Given a sample of data points $\{ (x_i, y_i)_{i=1}^n \}$:
$$\underset{f}{\arg\min} \sum_{i=1}^n (y_i - f(x_i))^2 + \lambda \int_{x_{(1)}}^{x_{(n)}} f''(x)^2 dx,$$
where $f(x)$ is constrained to be a polynomial of fixed degree $p\,$ ($\ge 2$), that is $ f(x) = c_0 + c_1 x^1 + ... + c_p x^p $. And $\lambda\,$ ($\ge 0$) is fixed as well.
By minimizing $f$ you basically minizime over $c_0$ to $c_p$, so you can replace the functional by $$ min_{c_1, ...c_p} \sum_{i=1}^n(y_i - \sum_{q=0}^pc_q x^q)^2 + \lambda \int_{x_1}^{x_n}2c_2 +6c_3x + 12c_4 x^2 + \dotsc + p(p-1)c_px^{p-2} dx $$ You want to minimize along all $c$, so you should get partial derivatives. The first sum is quite easy being qudratic in every $c_i$ while the integral is even linear in every $c_i$.

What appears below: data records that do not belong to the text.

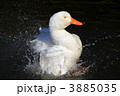 水浴びするアヒル
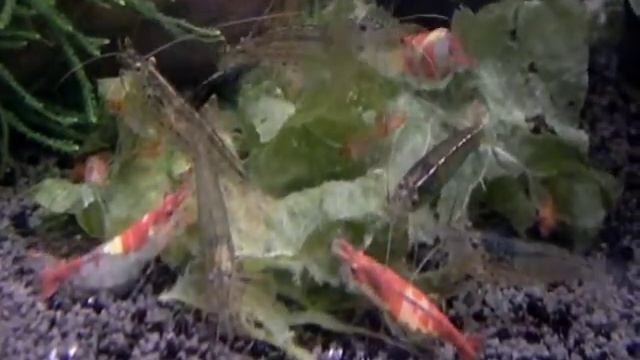 Креветки едят салат смотреть онлайн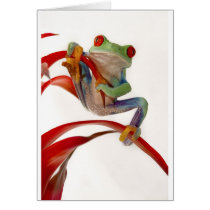Balancing Act Greeting Card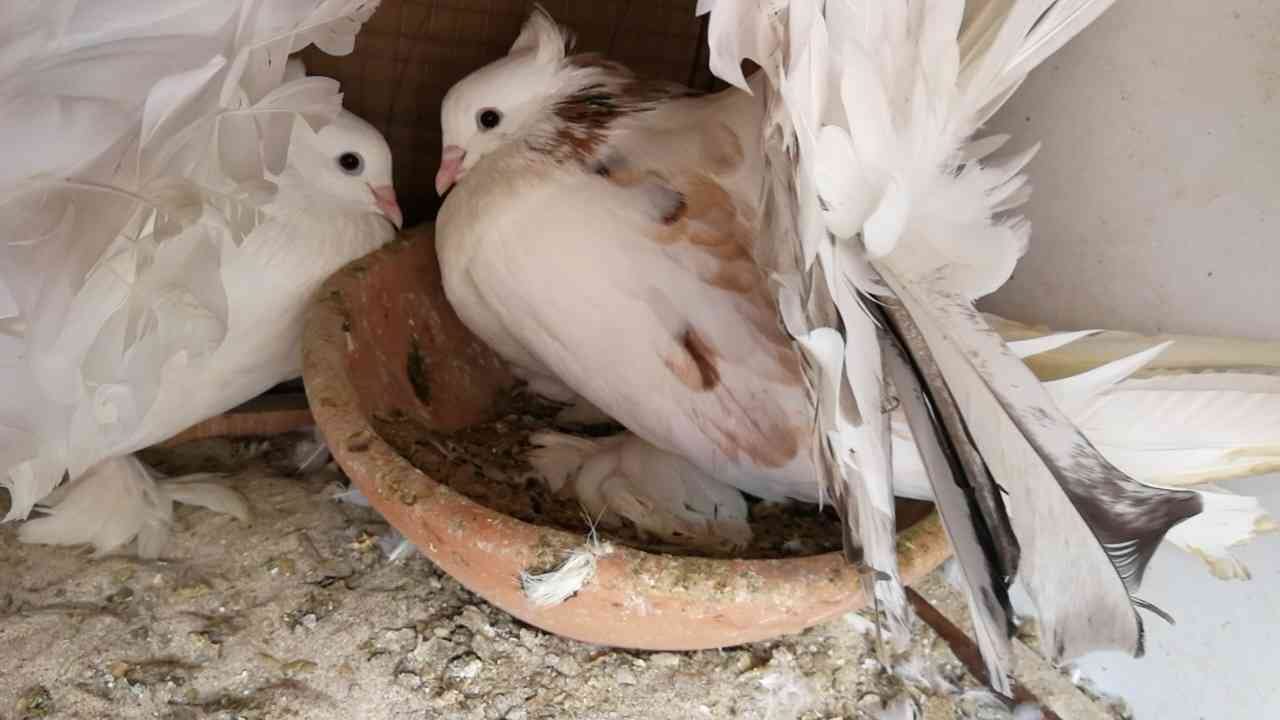 منطقة مكة المكرمة مدينة جدة
لا تنسَ أنك شاهدت هذا الإعلان في عنكبوت
حمام زينة مشكل...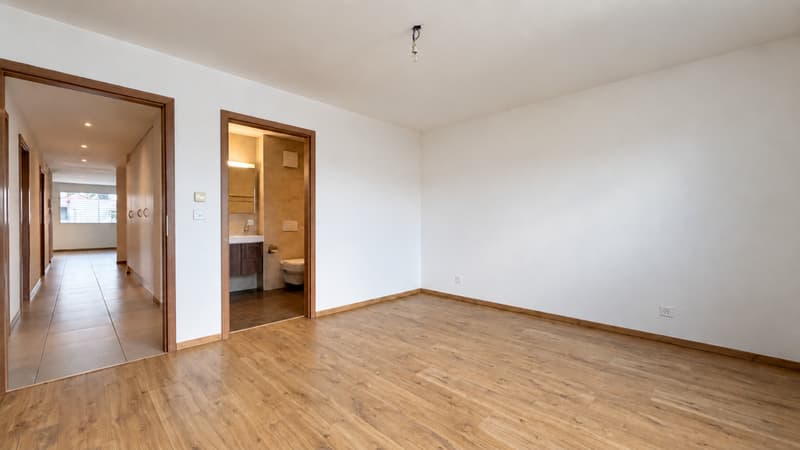 APPARTEMENT FAMILIAL AU DERNIER ETAGE AVEC VUE SUR LES PREALPES (10)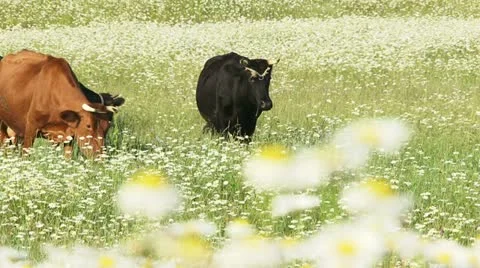 Grassing in a field Video stock 21224573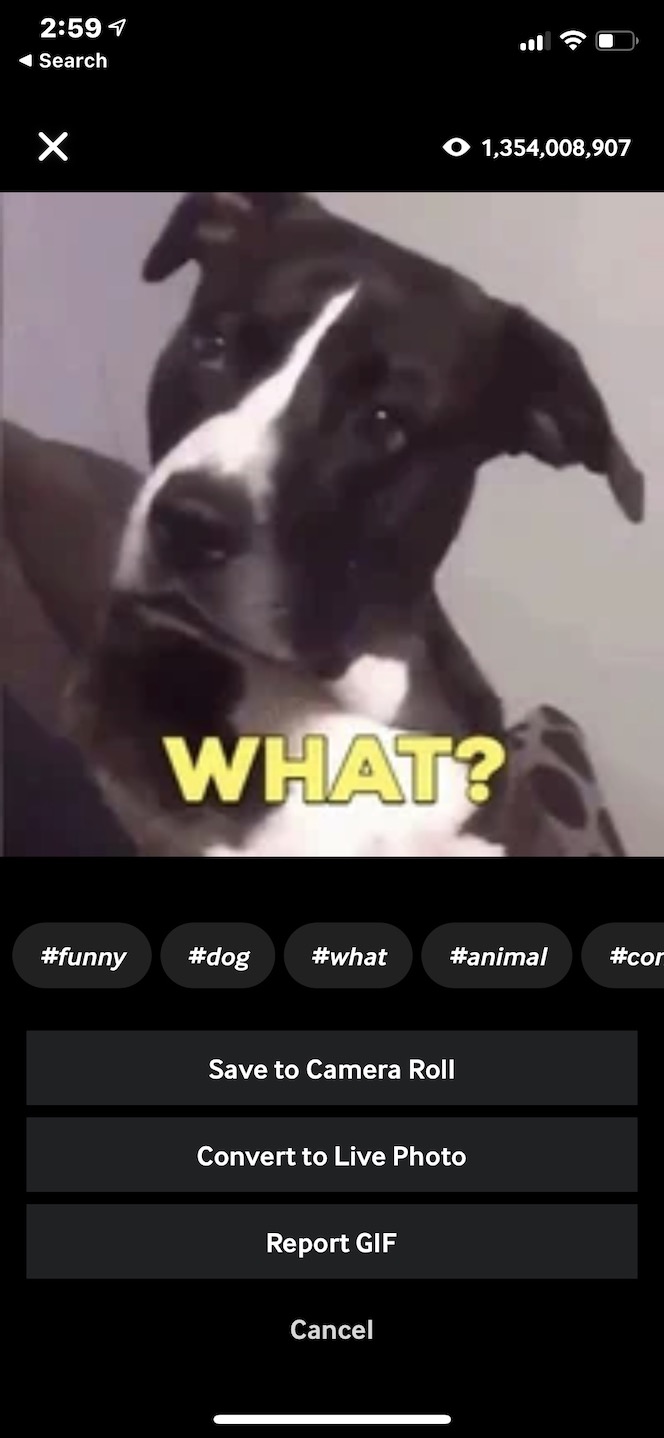 Second screenshot showing how to convert GIFs into Live photos via GIPHY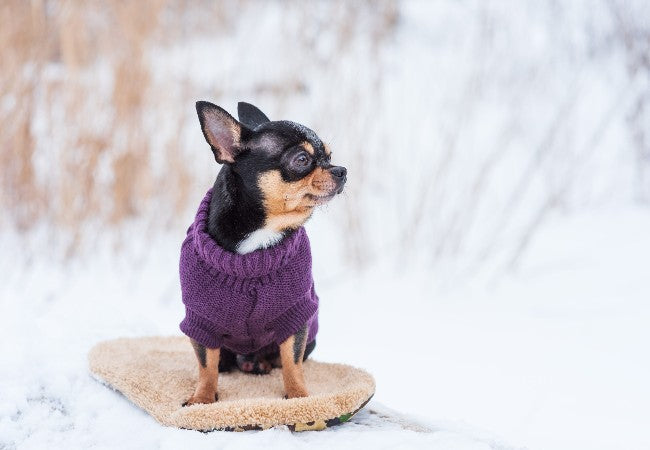 Vet Approved Guide: Is Ice Safe for Dogs in 2025?Understanding the Benefits and Risks🧊🐶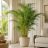 Dypsis lutescens aranynád pálma világos nappaliban szobanövényként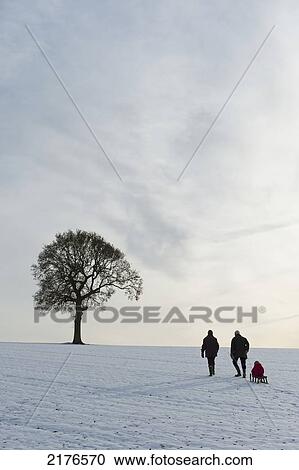 Stock Image - Couple Pulling Child On Sledge Up Hill Covered In Snow Towards Solitary Oak Tree, Petersfield, Hants, Uk. Fotosearch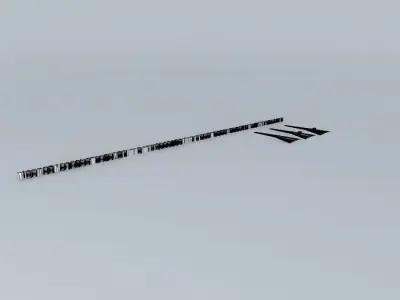 62 Military aircraft insignia to stamp into wings Free 3D model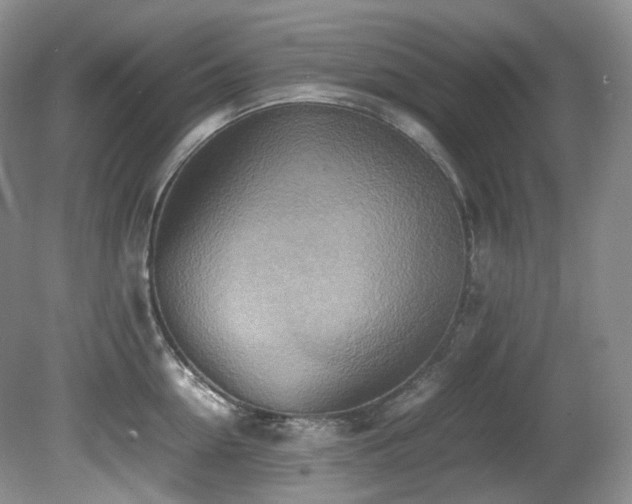 X0000081590954200701151306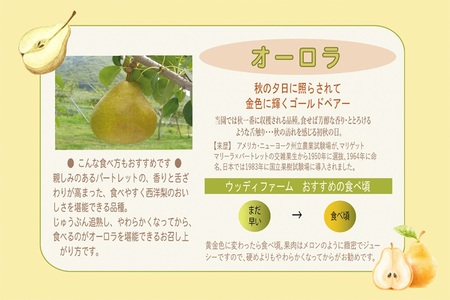 西洋梨（オーロラ）３ｋｇ　７玉　５L～６L　特秀品　0062-2503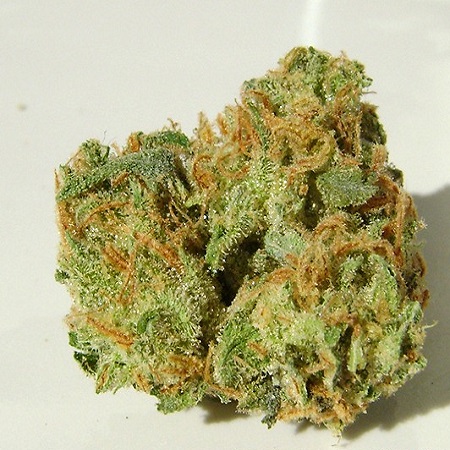 super lemon haze strain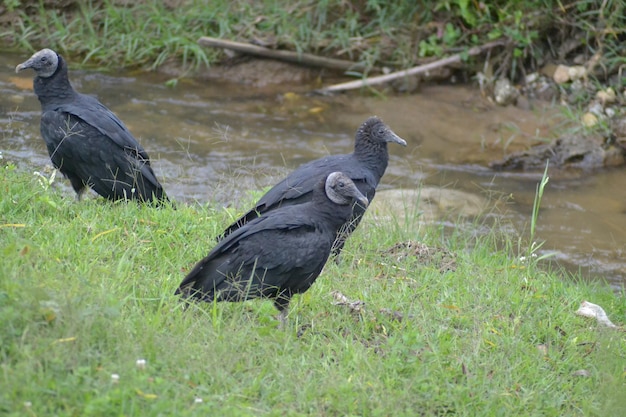 Pajaros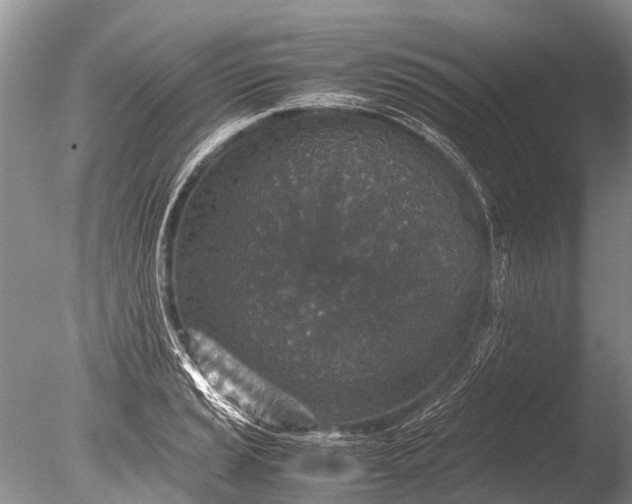 X0000085811037200703301520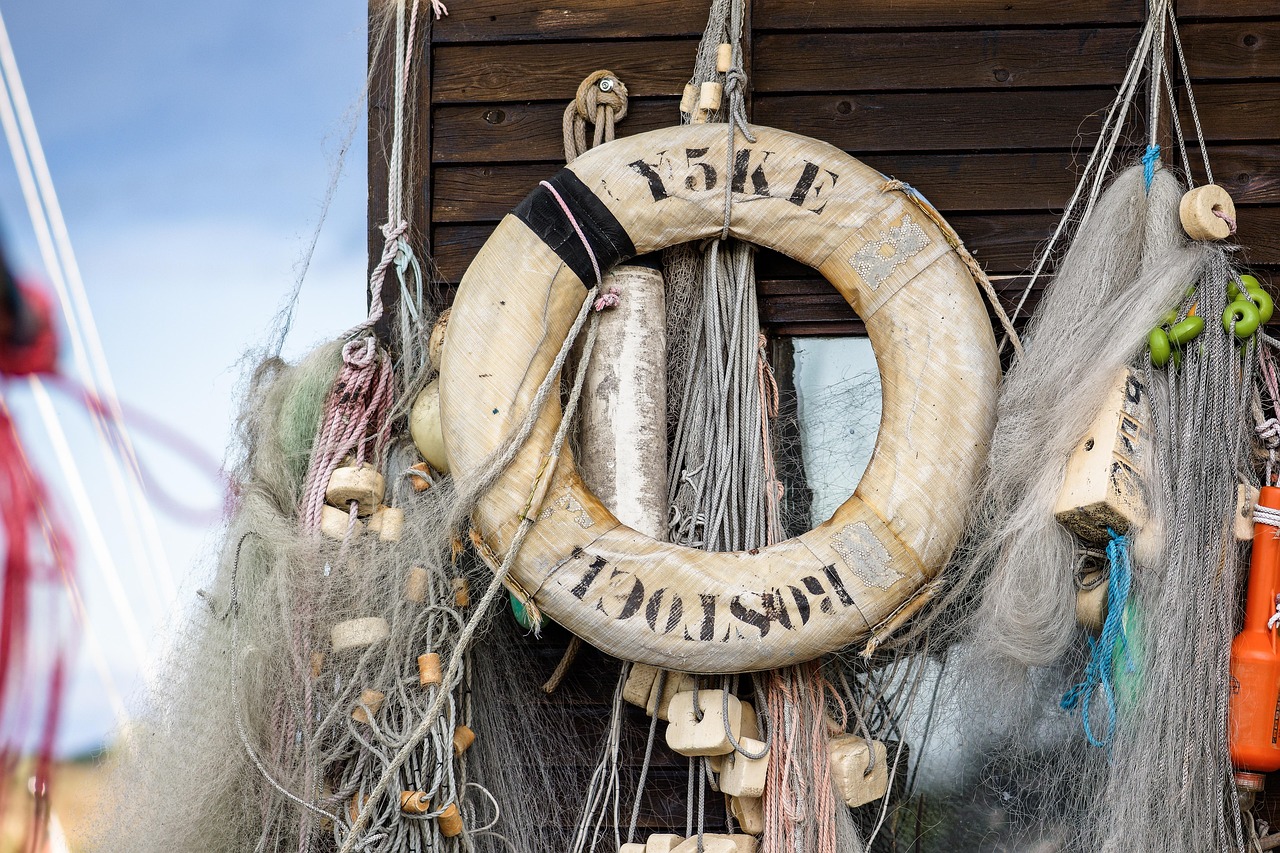 小说王app详情下载教程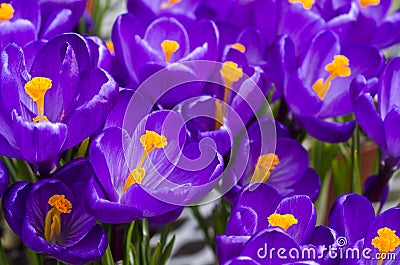 Purple Crocus Flowers Stock Photo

The second derivative could have negative values. So if it should be used as a "penalty", I think it should better be $$\min_f \sum_{i=1}^n (y_i-f(x_i))^2 +\lambda\int\left(f''(x)\right)^2dx $$ The function that is going to be minimized is an expression with the variables $c_0,\ldots,c_p$. You can differentiate with respect to those variables and try to achieve that all derivatives are $0$, which will yield a system of linear equations, which in turn can be solved e.g. with Gaussian elimination.